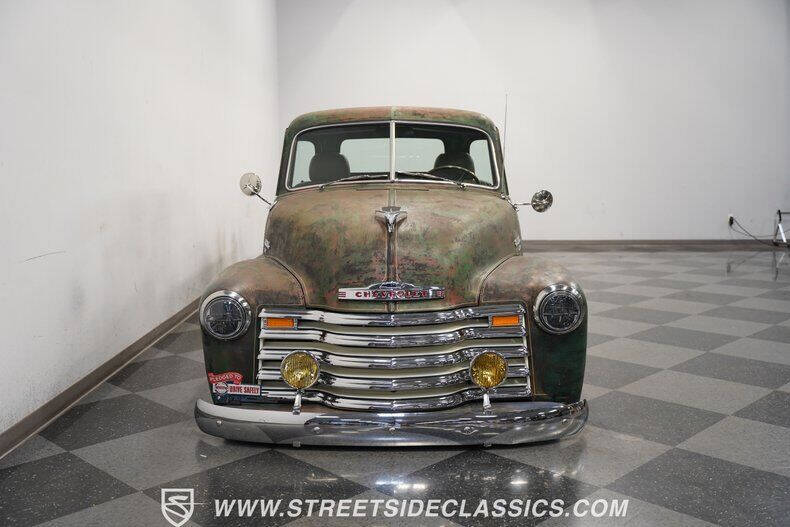 1947 Chevrolet 3100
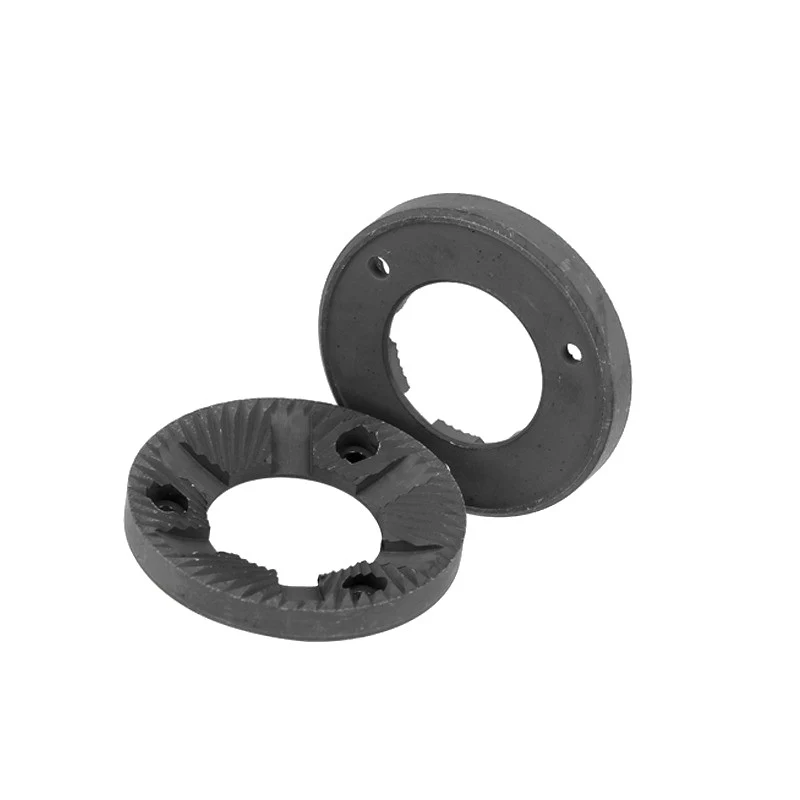 Macine sx D.48MM piane per macinacaffè Saeco - ricambio per macchina da caffè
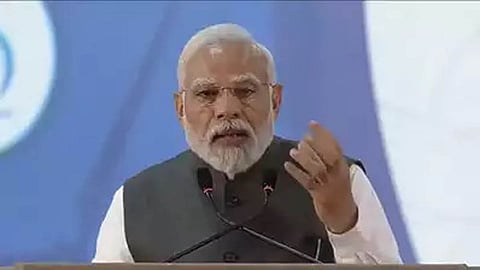 PM Narendra Modi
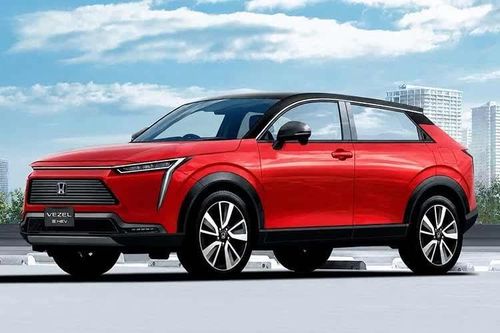 Honda HR-V sắp được nâng cấp mạnh tay, thêm loạt tiện nghi mới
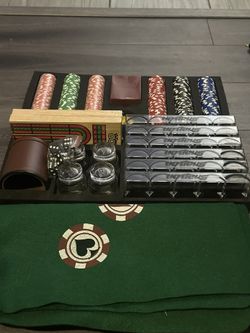 Poker Set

□ □ □ □ □ □ □

**Work task:**
Only the text of the listing above should be copied, exactly and with pictures left out.

**Response to the exercise:**
 1947 Chevrolet 3100
 Macine sx D.48MM piane per macinacaffè Saeco - ricambio per macchina da caffè
 PM Narendra Modi
 Honda HR-V sắp được nâng cấp mạnh tay, thêm loạt tiện nghi mới
 Poker Set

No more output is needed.